Same with rights to land. If you enter my land without permission you are
a wrongdoer. If I say "it is ok, you can come on", I have waived my right
with respect to you, and you commit no wrong. We sometimes put this in
Latin: volenti non fit injuria. Again, I can withdraw my consent, my
(property) right has not been lost. Again, clearly this is nothing to do
with contractual variation, estoppel, electing between different rights or
remedies, or renouncing my rights.
It is the same in contract. So, if you contract to deliver grain to me on
1 April, and I subsequently say it is fine if you deliver on 2nd, if you
then deliver on 2nd I cannot claim damages. You commit no wrong because I
consented to the late delivery, I waived my right to delivery on 1st.
In contract the effect is not just that no wrong is committed, but it also
means that the seller can claim the price even if punctual deliver on 1st
was a condition precedent to the price being earned under the contract's
terms.
This is nothing to do with estoppel, promissory or otherwise. It is
irrelevant whether the seller could or would have delivered on 1st, just
as it is irrelevant in the case of the kiss that the snog would have been
applied anyway. It is not variation, there is no consideration. The right
has not been 'renounced', if before delivery is to take place the buyer
withdraws his consent and insists that he does require delivery on 1st he
can do so, just as before the kiss occurs consent can be withdrawn.
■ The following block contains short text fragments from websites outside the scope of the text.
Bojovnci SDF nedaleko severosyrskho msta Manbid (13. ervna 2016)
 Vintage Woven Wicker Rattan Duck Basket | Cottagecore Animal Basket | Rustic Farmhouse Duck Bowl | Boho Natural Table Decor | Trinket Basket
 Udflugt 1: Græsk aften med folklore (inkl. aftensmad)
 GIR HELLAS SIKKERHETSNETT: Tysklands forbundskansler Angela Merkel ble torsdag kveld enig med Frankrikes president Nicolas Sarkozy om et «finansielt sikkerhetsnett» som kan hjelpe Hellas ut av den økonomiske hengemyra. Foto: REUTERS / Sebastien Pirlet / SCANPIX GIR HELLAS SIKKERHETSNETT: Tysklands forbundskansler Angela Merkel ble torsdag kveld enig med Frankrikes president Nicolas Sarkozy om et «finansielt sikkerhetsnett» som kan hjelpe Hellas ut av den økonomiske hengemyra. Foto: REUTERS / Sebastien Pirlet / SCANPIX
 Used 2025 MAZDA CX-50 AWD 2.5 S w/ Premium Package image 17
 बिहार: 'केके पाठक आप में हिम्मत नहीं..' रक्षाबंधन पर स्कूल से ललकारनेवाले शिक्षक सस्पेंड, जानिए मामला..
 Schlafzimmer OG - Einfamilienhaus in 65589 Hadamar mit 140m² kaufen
So why, in this case, were the statements that it didn't matter whether
the payments were punctual or not, not a waiver in this sense? I think the
answer is at [78]
"The dispensation which the Borrower said he sought, and to which the
Lender or Indemnifier was alleged to have acceded, was dispensation from
the consequences of the Borrower's past performance under the loan
agreements, not dispensation from a future mode of performance."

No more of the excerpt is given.